* [What you are asked to do]: Please report how many lines below contain "фото", writing nothing except the number.

[Scraped caption text data]
━━━━━━

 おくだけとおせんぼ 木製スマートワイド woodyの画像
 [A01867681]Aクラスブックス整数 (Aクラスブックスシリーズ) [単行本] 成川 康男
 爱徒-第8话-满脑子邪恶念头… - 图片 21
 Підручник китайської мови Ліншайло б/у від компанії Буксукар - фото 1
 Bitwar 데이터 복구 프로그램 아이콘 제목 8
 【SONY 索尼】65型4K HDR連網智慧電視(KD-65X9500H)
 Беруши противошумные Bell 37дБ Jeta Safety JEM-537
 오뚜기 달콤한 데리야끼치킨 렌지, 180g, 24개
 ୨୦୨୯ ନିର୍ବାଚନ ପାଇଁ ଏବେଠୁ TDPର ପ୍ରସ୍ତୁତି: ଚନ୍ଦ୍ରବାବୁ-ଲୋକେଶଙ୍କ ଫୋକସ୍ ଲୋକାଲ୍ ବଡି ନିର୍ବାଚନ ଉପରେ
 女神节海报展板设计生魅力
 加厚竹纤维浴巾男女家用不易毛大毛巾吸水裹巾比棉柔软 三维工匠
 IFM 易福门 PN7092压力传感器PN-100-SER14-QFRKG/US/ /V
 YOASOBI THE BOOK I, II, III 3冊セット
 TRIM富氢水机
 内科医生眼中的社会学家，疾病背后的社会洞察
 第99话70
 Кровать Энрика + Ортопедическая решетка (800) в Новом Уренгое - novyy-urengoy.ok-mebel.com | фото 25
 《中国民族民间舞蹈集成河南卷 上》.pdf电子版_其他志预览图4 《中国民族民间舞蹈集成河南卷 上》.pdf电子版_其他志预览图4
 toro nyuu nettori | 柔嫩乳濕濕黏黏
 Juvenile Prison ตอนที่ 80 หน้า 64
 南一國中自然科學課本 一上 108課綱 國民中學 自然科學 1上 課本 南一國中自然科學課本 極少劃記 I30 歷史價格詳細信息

━━━━━━

* [Response]: 2